**TRY IT:**
The answer must consist solely of the lines below starting at the one containing "El 911 coordinó" and ending at the one containing "সাবমেরিনে পা আটকে", repeated exactly, with both ends included and all pictures omitted.

╭──

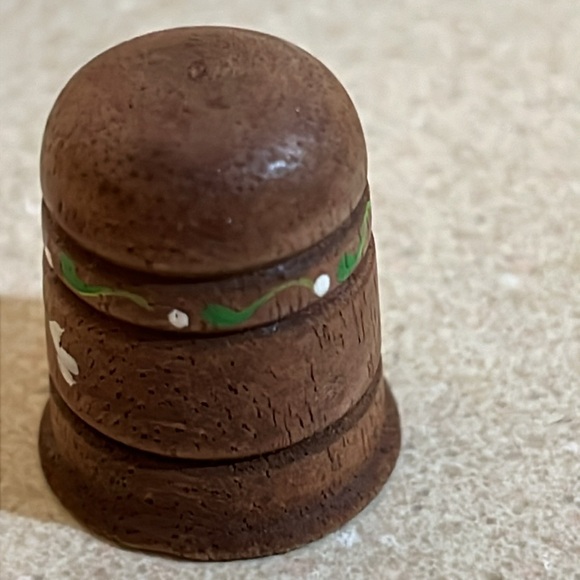 New 4 Sewing Thimbles For Finger - Picture 9 of 11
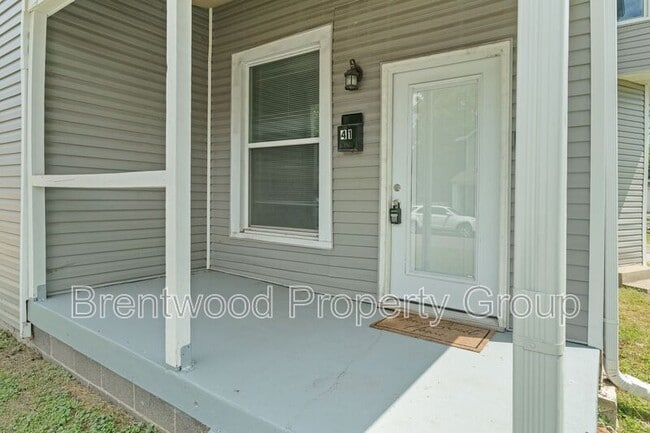 Photo - 41 N Beville Ave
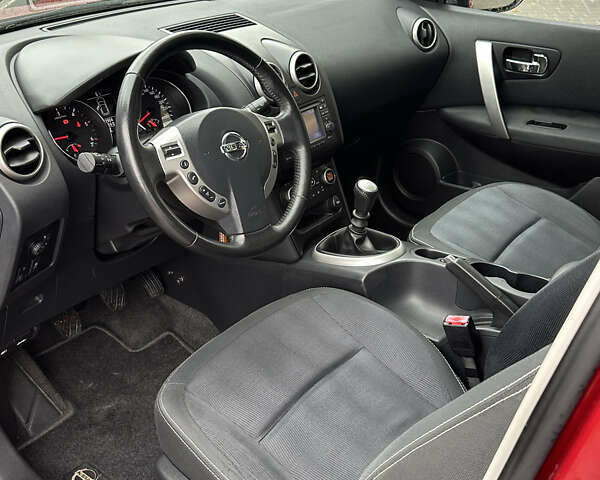 Красный Ниссан Кашкай 2, объемом двигателя 2 л и пробегом 222 тыс. км за 11799 $, фото 13 на Automoto.ua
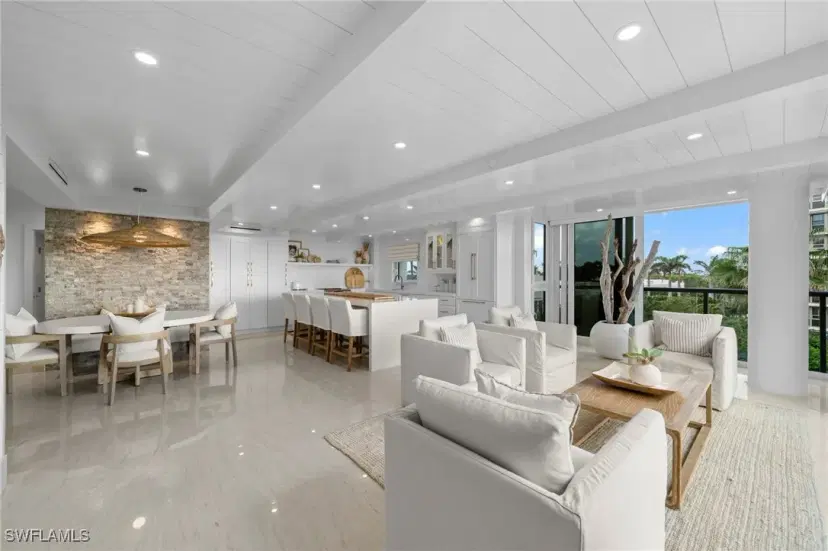 Picture of 4031 Gulf Shore Blvd N 5A, Naples FL 34103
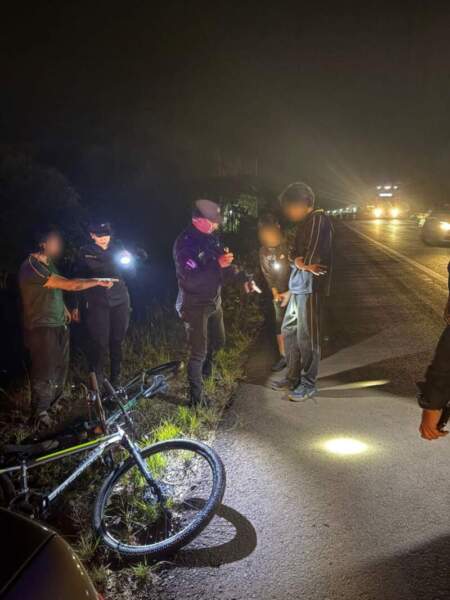 El 911 coordinó el rescate por geolocalización de 3 ciclistas extraviados en Santa Ana imagen-5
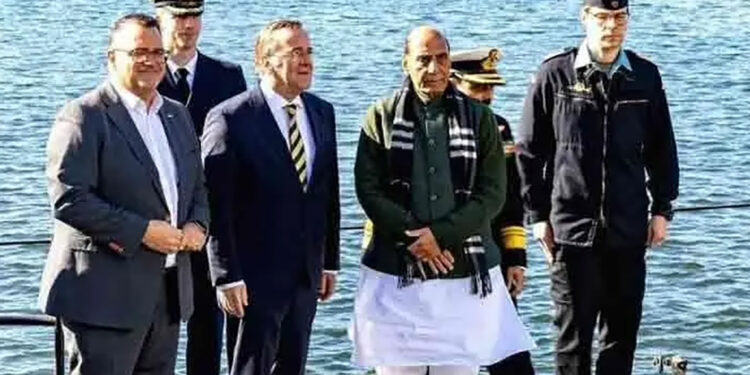 সাবমেরিনে পা আটকে গেলো ভারতীয় প্রতিরক্ষামন্ত্রীর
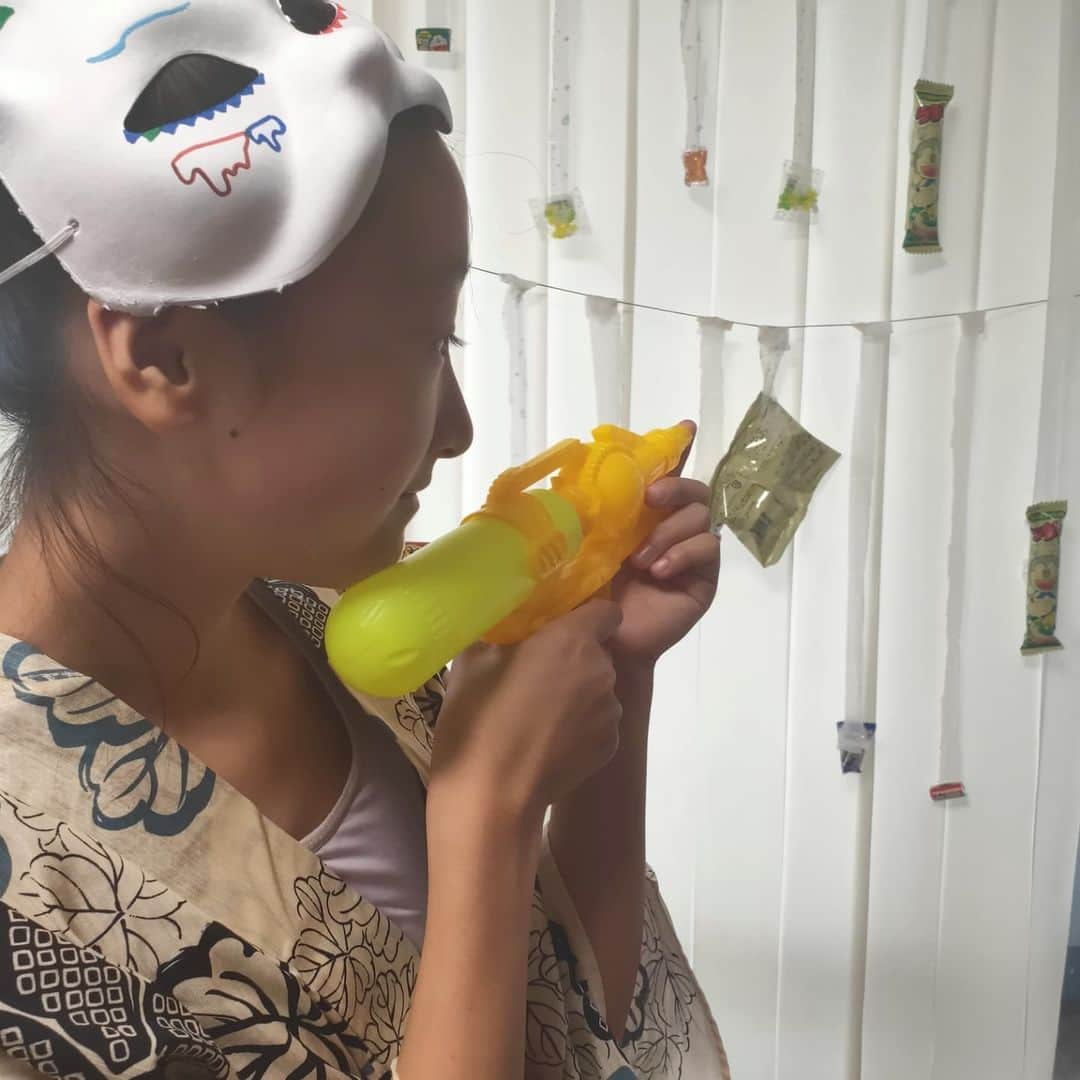 宮下ともみさんのインスタグラム写真 - (宮下ともみInstagram)「今年も頑張りました✌ コロナ禍でたくさん我慢している子どもたちに、ご褒美のおうち夏祭り〜✨ 用意は大変だけど、子どもたちの笑顔たくさんの幸せ時間💕  今回はみんなでお面を手作り🐈 スーパーボールすくい、水鉄砲射的、釣り、綿あめ作り、輪投げ、宝探しに子供たち大喜び😌  #いとこ同士 #姉家族  #大好きなねーねと #夏祭り #感染対策しながら楽しもう  #2021夏  #おうち夏祭り #おうち縁日」8月7日 19時55分 - tomomimiyashita_official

╰──

**THE ANSWER:**
 El 911 coordinó el rescate por geolocalización de 3 ciclistas extraviados en Santa Ana imagen-5
 সাবমেরিনে পা আটকে গেলো ভারতীয় প্রতিরক্ষামন্ত্রীর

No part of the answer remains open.